# Try it
When you reach the line that contains "RISEN Slouchy Cropped" in the entries below, begin returning lines exactly as written and continue through the last one.

# Records supplied

<<<<

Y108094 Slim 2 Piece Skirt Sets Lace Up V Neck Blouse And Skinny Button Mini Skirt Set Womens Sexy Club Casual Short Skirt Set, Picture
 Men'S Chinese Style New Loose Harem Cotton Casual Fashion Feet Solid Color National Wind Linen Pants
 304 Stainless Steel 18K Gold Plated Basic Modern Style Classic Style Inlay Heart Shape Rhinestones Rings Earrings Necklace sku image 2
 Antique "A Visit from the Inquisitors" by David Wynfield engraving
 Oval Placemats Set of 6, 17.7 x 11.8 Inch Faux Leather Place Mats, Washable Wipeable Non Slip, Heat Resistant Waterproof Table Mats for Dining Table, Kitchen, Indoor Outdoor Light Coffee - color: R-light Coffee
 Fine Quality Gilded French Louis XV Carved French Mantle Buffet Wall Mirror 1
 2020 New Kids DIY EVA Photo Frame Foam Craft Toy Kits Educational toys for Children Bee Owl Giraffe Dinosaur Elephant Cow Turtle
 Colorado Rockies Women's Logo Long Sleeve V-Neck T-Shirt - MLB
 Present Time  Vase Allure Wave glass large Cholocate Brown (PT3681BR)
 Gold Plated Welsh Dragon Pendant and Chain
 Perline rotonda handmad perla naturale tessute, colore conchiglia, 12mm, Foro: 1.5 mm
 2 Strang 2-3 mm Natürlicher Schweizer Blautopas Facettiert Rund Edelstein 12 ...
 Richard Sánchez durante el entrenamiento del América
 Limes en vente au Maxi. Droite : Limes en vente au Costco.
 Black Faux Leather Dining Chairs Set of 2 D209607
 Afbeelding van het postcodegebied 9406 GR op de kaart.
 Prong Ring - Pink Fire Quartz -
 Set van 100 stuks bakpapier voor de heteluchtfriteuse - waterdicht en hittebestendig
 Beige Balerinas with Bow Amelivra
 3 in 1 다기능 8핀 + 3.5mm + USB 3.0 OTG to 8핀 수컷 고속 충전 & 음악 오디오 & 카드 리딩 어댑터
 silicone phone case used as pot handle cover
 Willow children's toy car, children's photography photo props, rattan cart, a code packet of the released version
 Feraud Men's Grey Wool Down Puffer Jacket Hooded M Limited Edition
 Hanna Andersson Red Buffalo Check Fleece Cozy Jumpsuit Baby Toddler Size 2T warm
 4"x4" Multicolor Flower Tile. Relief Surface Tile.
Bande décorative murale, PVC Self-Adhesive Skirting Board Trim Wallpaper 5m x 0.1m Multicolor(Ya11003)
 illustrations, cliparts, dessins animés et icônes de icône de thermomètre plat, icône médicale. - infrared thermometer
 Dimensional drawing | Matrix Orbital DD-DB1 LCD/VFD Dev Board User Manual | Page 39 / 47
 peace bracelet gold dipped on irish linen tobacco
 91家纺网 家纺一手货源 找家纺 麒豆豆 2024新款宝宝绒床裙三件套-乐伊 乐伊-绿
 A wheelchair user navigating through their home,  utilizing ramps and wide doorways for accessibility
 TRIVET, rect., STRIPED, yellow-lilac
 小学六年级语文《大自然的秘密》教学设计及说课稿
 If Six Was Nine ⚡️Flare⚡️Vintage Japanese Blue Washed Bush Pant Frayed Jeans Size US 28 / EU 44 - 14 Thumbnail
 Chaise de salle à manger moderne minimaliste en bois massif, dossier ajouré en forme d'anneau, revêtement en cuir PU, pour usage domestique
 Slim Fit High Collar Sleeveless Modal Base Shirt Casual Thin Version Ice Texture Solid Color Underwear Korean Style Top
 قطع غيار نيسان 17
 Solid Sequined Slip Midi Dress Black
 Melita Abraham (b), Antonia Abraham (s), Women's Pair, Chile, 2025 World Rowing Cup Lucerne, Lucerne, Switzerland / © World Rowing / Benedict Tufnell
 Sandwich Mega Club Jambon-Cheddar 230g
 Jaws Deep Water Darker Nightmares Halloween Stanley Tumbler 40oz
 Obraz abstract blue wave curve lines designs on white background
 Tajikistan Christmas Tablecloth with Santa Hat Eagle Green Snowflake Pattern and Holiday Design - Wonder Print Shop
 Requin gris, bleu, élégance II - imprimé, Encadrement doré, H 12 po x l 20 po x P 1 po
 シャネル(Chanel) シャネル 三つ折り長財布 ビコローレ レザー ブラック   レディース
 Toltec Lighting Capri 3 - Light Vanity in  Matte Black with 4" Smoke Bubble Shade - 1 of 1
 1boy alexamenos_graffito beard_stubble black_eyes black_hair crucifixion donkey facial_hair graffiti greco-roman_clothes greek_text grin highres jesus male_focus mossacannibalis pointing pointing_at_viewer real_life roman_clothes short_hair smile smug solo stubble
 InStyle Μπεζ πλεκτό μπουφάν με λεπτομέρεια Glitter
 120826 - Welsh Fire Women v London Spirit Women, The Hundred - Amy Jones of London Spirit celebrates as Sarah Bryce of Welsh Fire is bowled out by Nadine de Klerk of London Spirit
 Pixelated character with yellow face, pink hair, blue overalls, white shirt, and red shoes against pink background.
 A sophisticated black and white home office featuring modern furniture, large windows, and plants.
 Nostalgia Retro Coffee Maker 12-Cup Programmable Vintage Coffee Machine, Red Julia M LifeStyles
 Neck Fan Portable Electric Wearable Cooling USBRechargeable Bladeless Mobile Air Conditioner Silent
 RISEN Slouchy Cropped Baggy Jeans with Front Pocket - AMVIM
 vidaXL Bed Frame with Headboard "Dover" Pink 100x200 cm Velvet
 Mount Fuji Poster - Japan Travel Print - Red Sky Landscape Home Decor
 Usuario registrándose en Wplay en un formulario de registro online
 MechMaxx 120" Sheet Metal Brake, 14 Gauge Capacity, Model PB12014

>>>>

# Output of the task
 RISEN Slouchy Cropped Baggy Jeans with Front Pocket - AMVIM
 vidaXL Bed Frame with Headboard "Dover" Pink 100x200 cm Velvet
 Mount Fuji Poster - Japan Travel Print - Red Sky Landscape Home Decor
 Usuario registrándose en Wplay en un formulario de registro online
 MechMaxx 120" Sheet Metal Brake, 14 Gauge Capacity, Model PB12014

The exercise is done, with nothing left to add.